ASSIGNMENT ->
The material below holds pictures; leave them out and reproduce exactly the lines from the one with "Made in Hawaii" through the one with "出表现无疑 出表现无疑", inclusive.

### PROVIDED MATERIAL

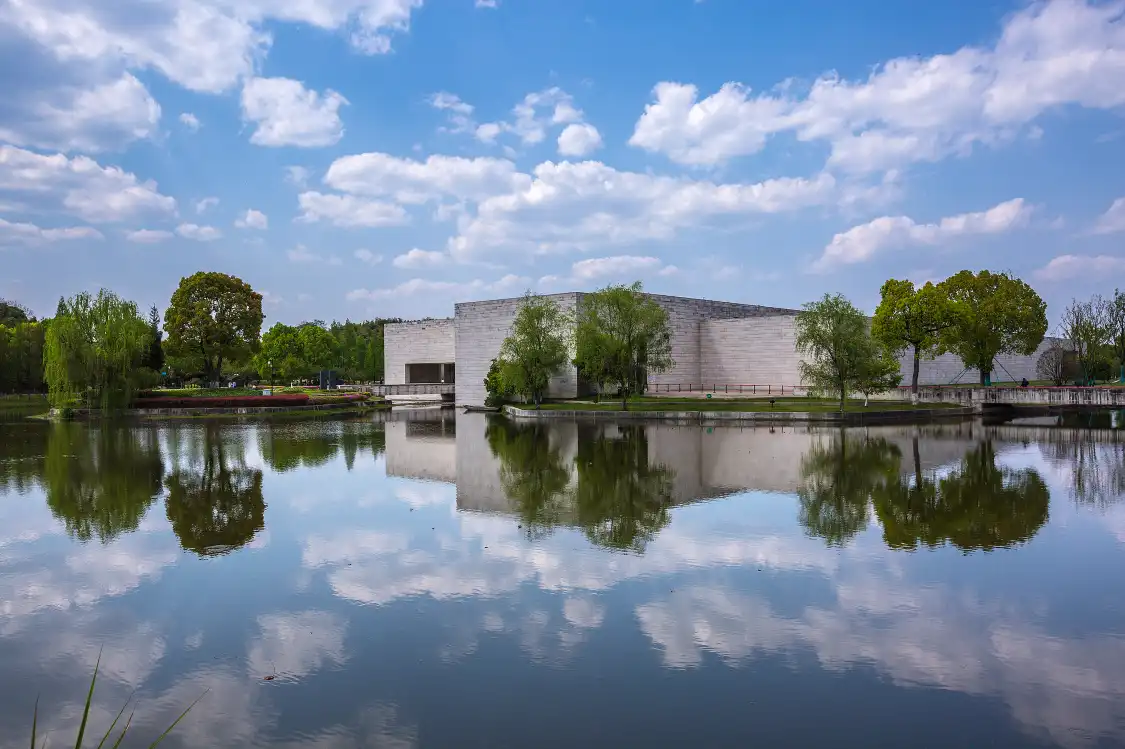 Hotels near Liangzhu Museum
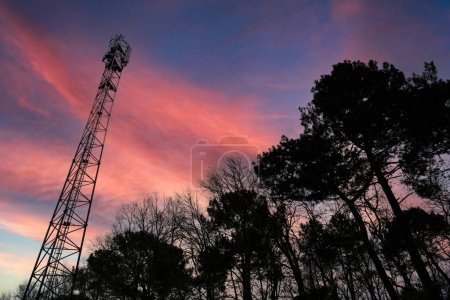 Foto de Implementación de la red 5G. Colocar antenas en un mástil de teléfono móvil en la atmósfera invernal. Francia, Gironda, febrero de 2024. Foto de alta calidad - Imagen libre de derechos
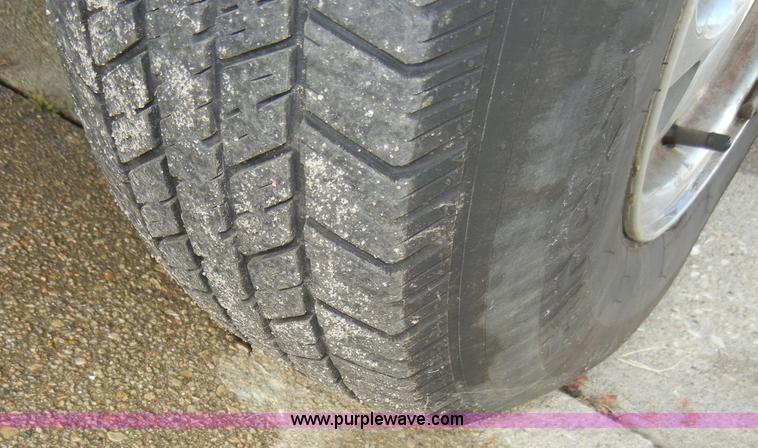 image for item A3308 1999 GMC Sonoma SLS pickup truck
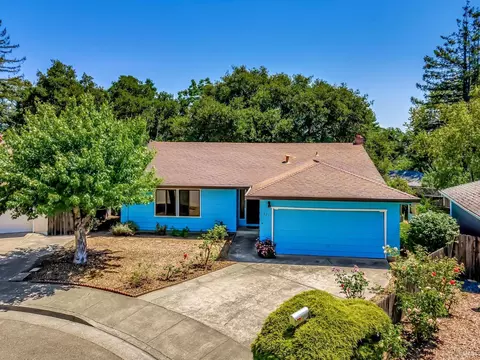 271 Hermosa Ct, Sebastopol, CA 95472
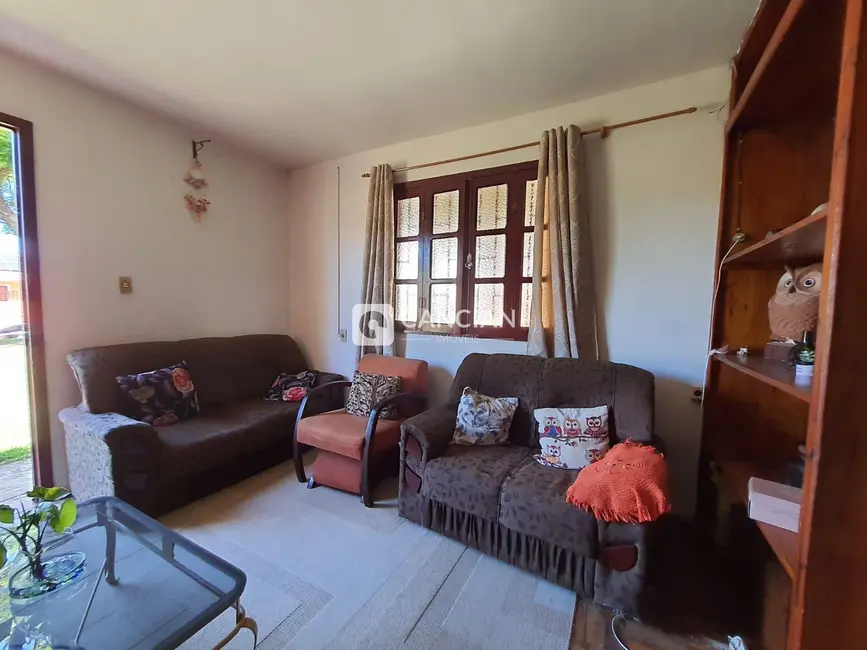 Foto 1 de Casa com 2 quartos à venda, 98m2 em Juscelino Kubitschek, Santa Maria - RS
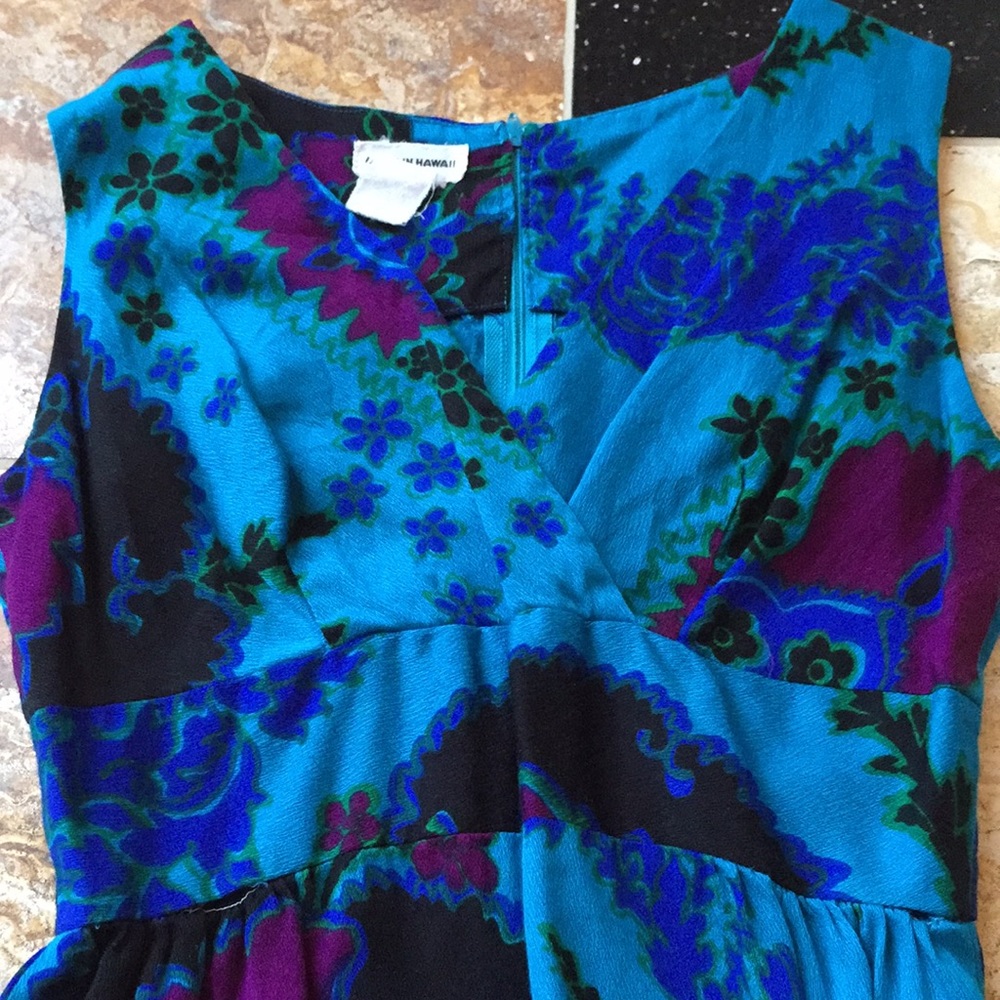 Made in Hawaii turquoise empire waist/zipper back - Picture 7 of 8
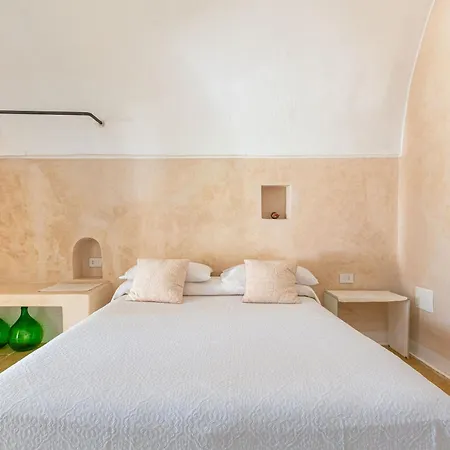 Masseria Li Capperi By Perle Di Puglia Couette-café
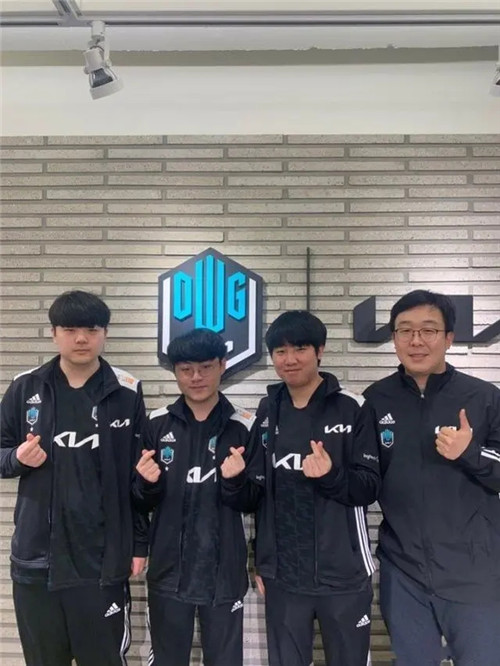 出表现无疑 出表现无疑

######
### PROVIDED MATERIAL

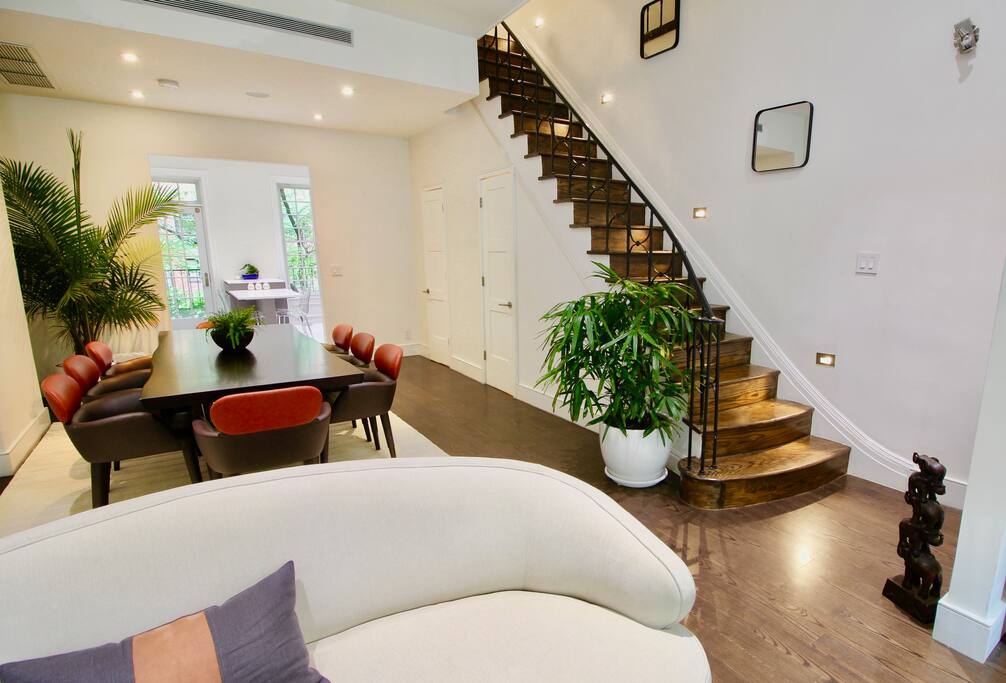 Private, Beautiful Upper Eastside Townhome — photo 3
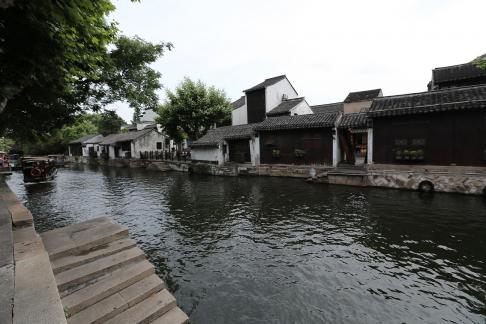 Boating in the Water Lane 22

######
### PROVIDED MATERIAL

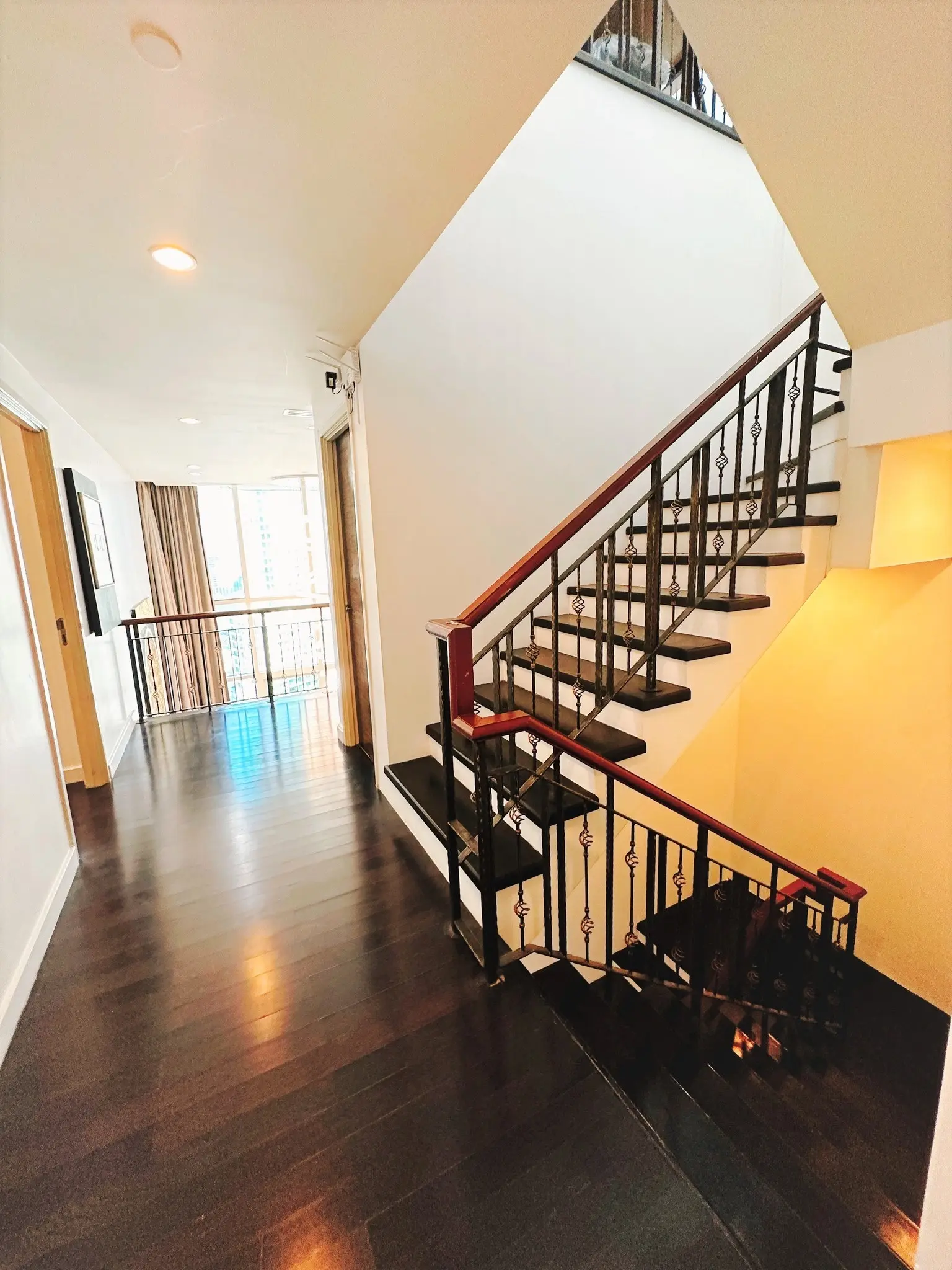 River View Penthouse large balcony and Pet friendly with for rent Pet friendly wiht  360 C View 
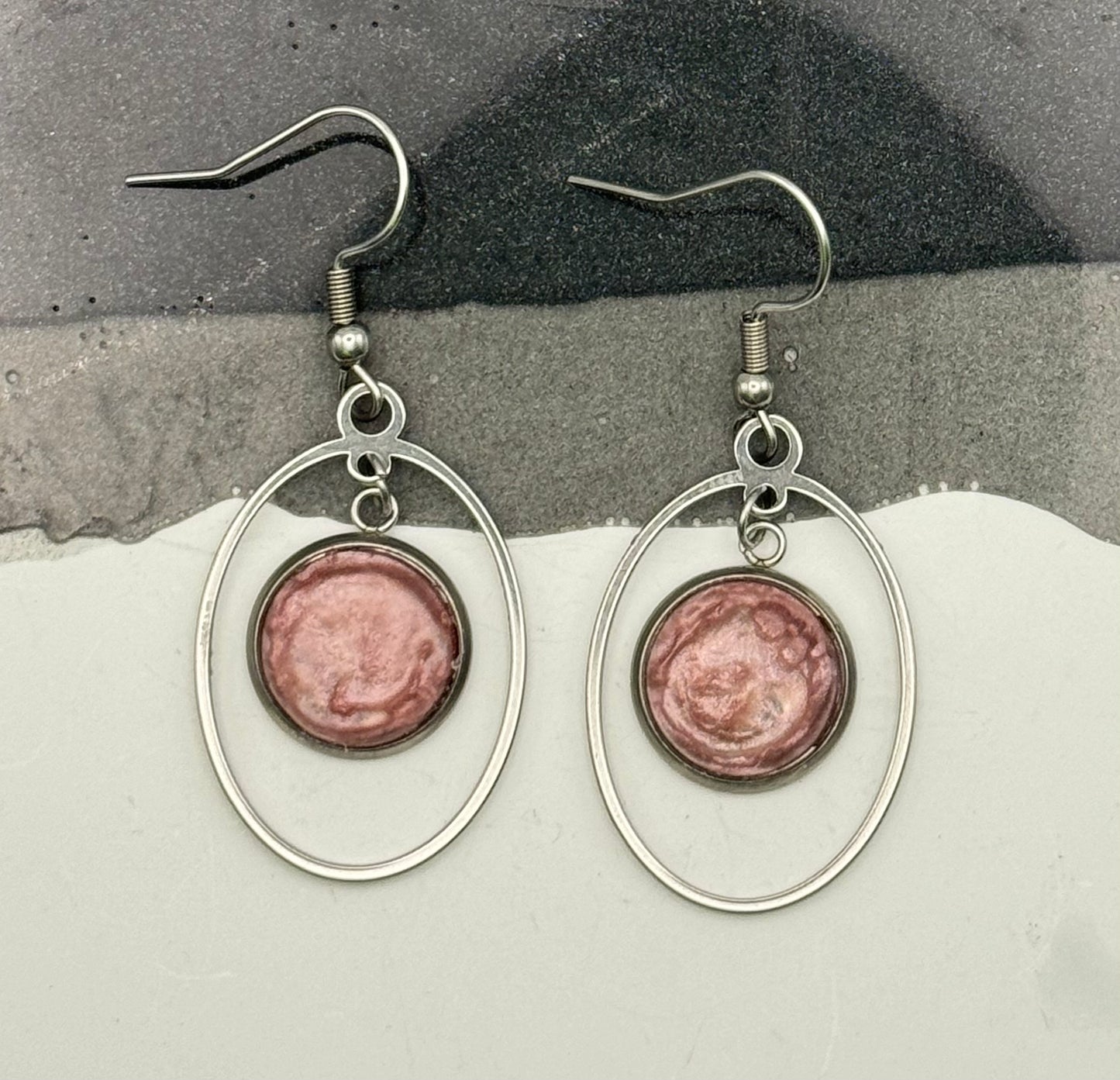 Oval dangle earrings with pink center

######

RESPONSE BELOW ->
 Made in Hawaii turquoise empire waist/zipper back - Picture 7 of 8
 Masseria Li Capperi By Perle Di Puglia Couette-café
 出表现无疑 出表现无疑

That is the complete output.